Brian Sewell’s Grand Tour of Italy

Brian Sewell’s Grand Tour of Italy is a clever, fun, educative trip through nearly all of Italy over the course of a ten-part series. Sewell’s tour mirrors the ones taken by aristocratic young British gentleman of the 18th century who took these tours as a sort of finishing school. Those young men were naïve, unsophisticated and incredibly young when they embarked on what Sewell calls an alternative education, usually for months, sometimes for years at a time throughout the whole of Italy.

The grand tour was, according to Sewell, “intellectually stimulating and morally debauching”, and so we see not only the masterworks that drew grand tourists to Italy, but also the prostitutes and gambling dens they also frequented.

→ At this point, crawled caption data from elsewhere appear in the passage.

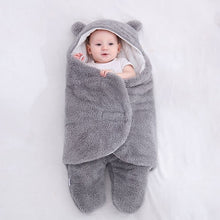 Load image into Gallery viewer, baby blanket swaddle cotton soft newborn baby swaddle me wrap sleepping bag decke cobertor infantil bebek battaniye cobijas bebe
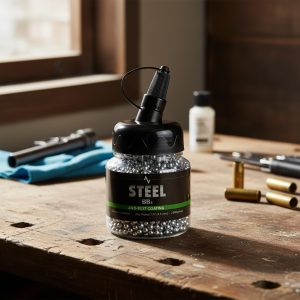 Balines Explorer Acero Inoxidable 4.5 Mm .177 2500 Unidades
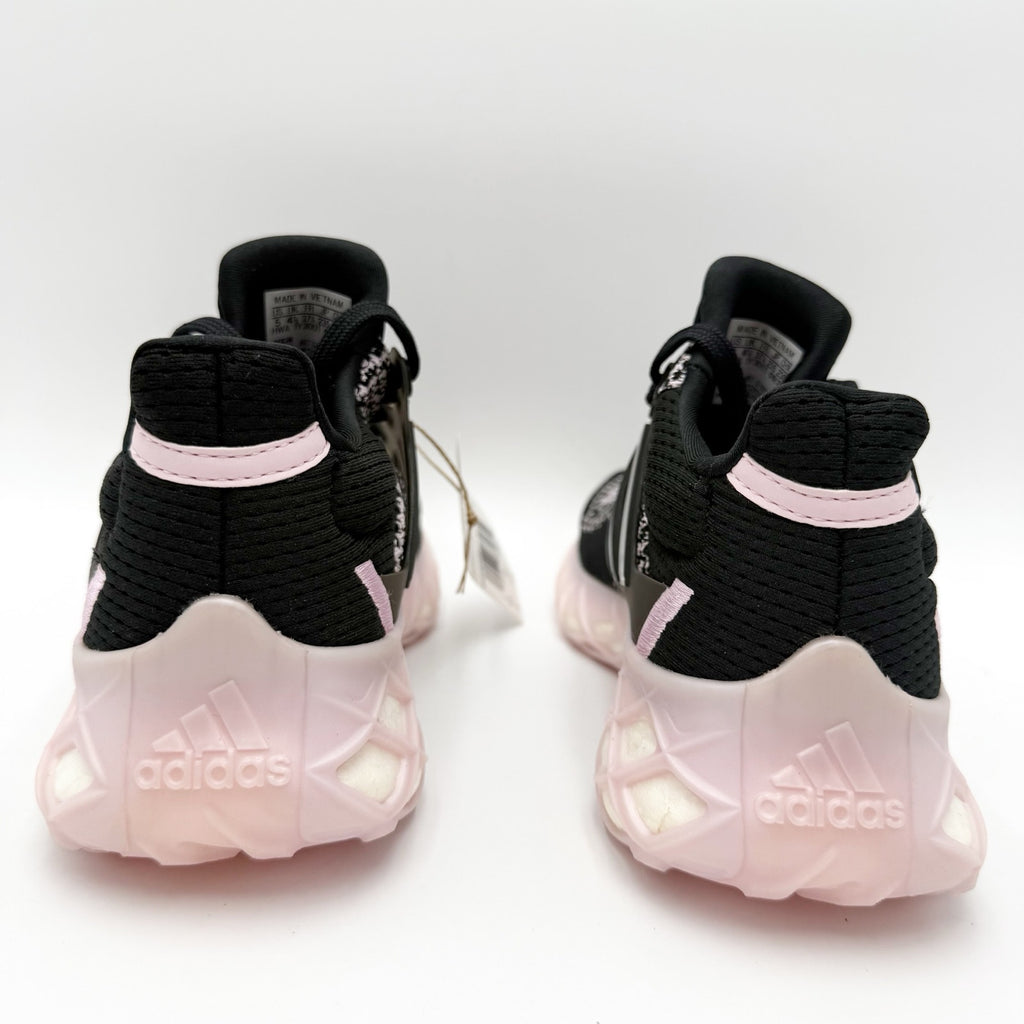 Adidas Kids Ultraboost DNA Web Athletic Shoes Size 5 Black Pink NWT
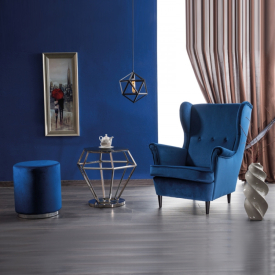 Lord Velvet fotel kék Lord Velvet fotel kék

Sewell, known as much for his acerbic wit as for his reputation as an art critic for the London Evening Standard is by contrast to his predecessors, nearing the end of his life. He has traveled through Italy many times before and though he follows the path laid out by those aforementioned 18th century gentleman, the trip marks as he notes several times throughout the series, the 50th anniversary of his own first trip to Italy as a young man.

The trip is an incredible undertaking and as Sewell notes “I’m beginning to think that ‘grand’ was not quite the right adjective for this educative tour. ‘Tough’ is much nearer the mark.” Though the grand tourist may have been well off, we also learn that his travel conditions—crossing the Alps in a hand pulled cart or sometimes on hands and knees for instance—were often less than first class. Because travel was so difficult and long, grand tourists also often stayed in small towns where accommodations were cold and shabby and were therefore susceptible to disease and sometimes death.

Still, most of the tour was enjoyable and Sewell makes his own journey remarkably entertaining. Beginning in Turin, working his way down to Naples and then back up to Venice as a finale, Brian Sewell’s Grand Tour is a sea of picturesque towns and cities and above all a tour of breathtaking art coupled with Sewell’s own wit and haughty opinions. He deems Leonardo Da Vinci “a genius who wasted his time on frivories and achieved nothing…no great works of art.” In a cathedral in Orvieto, Sewell draws your attention to the male nudes and their “perfectly formed buttocks” just above the pulpit and asks you to imagine sitting through mass, looking up and “seeing that bottom up there.”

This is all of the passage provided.